NEW YORK (Reuters Health) - Pregnant women who exercised regularly during the second half of their pregnancies did not lower their odds of developing pregnancy-related diabetes in a new clinical trial.
Researchers in Norway found that when they randomly assigned 855 pregnant women to either exercise three times a week or to stick with regular prenatal care alone, the exercisers were no less likely to develop gestational diabetes.
By the third trimester, seven percent of the exercise group had been diagnosed with gestational diabetes, versus six percent of the comparison group.
The findings were surprising, according to lead researcher Signe N. Stafne of the Norwegian University of Science and Technology in Trondheim.
For the general population, exercise is considered an important part of preventing and treating type 2 diabetes -- the common form of diabetes that most often arises during middle-age or later.
It's possible, Stafne told Reuters Health in an email, that exercise does not have the same effect on gestational diabetes that it does on type 2.

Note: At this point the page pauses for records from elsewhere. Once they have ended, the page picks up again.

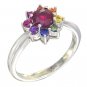 Multicolor Rainbow Sapphire & Ruby Cluster Ring 14K White Gold (1.23ct tw) SKU: 1549-14K-WG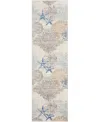 Nourison Home Seaside Sds04 2'3"x7'6" Runner Area Rug In Ivory,gray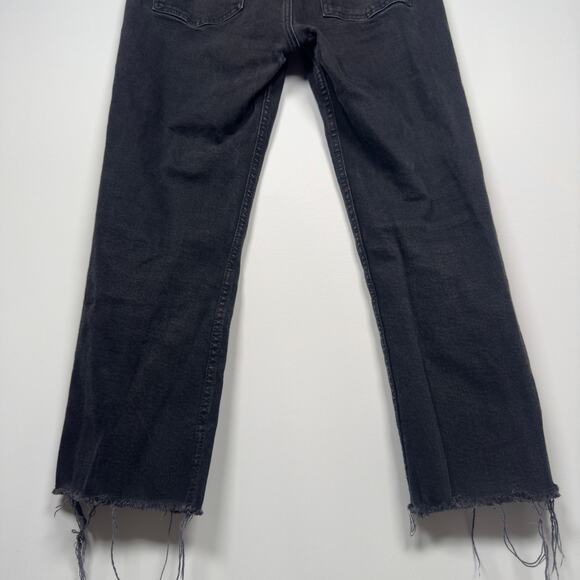 Zara Logo Straight Leg Distressed Hem Black Denim Jeans Women's Size 12 - Picture 4 of 5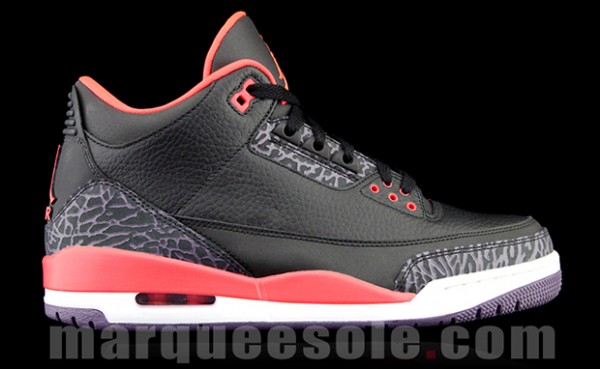 Air Jordan 3 Black/Bright Crimson-Purple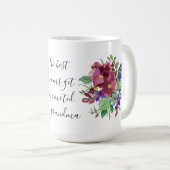 色彩の鮮やか花おばあちゃん初めて コーヒーマグカップ (正面右)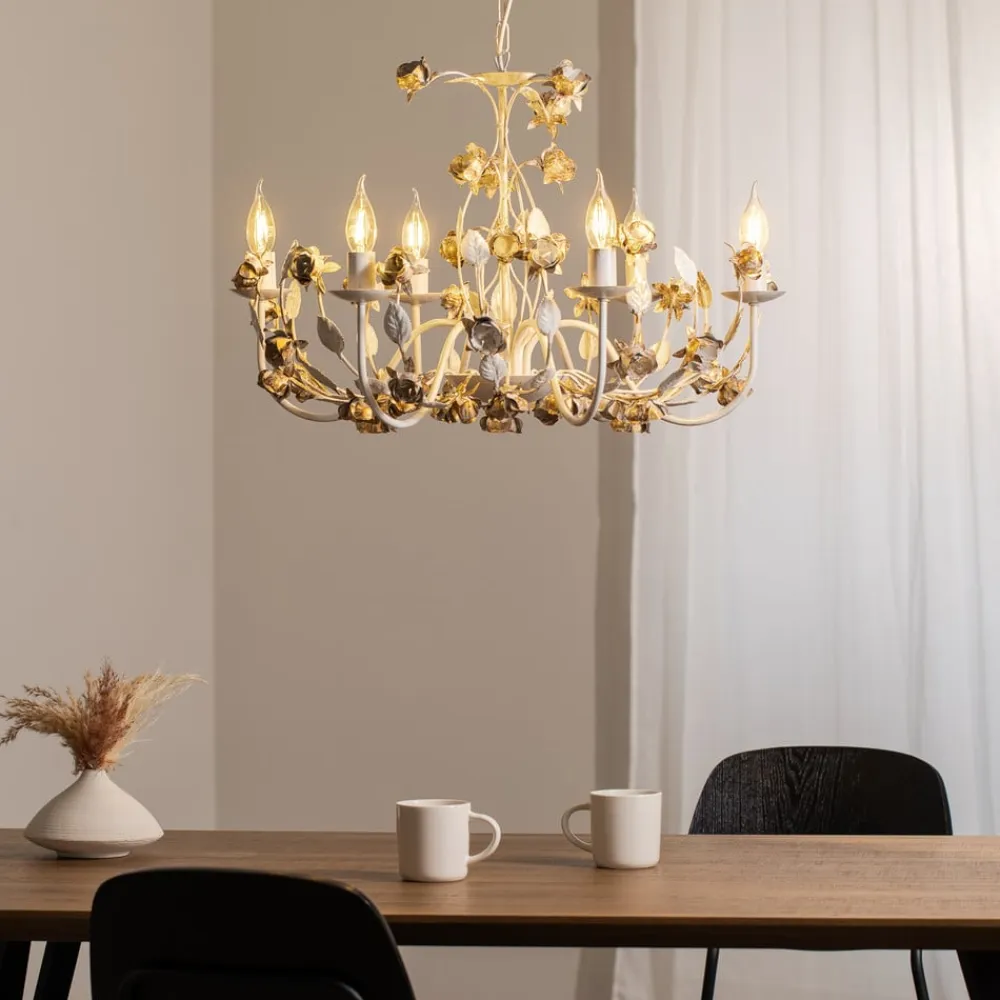 ONLI Carolina lysekrone, elfenbensfarvet, 6 lyskilder, jern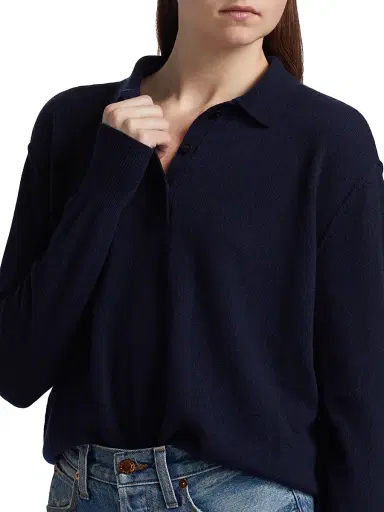 Jamie Haller Women's Cashmere Polo Sweater - Navy | Thumbnail 6 Jamie Haller Women's Cashmere Polo Sweater - Navy | Thumbnail 6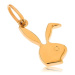 Plochý prívesok zo žltého 9K zlata - hlava zajačika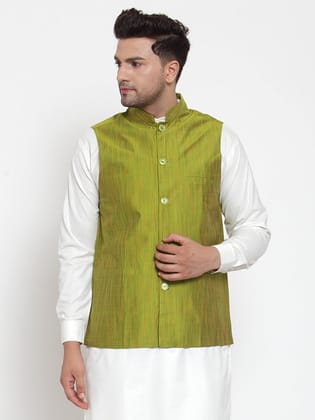 Jompers Men's Green Woven Design Nehru Jacket-S / Green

But even if that's true, Stafne pointed out, there are still reasons for pregnant women to get moderate exercise: including their overall health and keeping their weight gain within the recommended limits.
It's estimated that up to 14 percent of pregnant women worldwide develop gestational diabetes, in which blood sugar levels rise too high. The condition goes away after childbirth, but it does raise the risk of certain other pregnancy problems -- like having an abnormally large baby, which may require a cesarean delivery.
Women with gestational diabetes are also at greater-than-normal risk of developing type 2 diabetes later in life.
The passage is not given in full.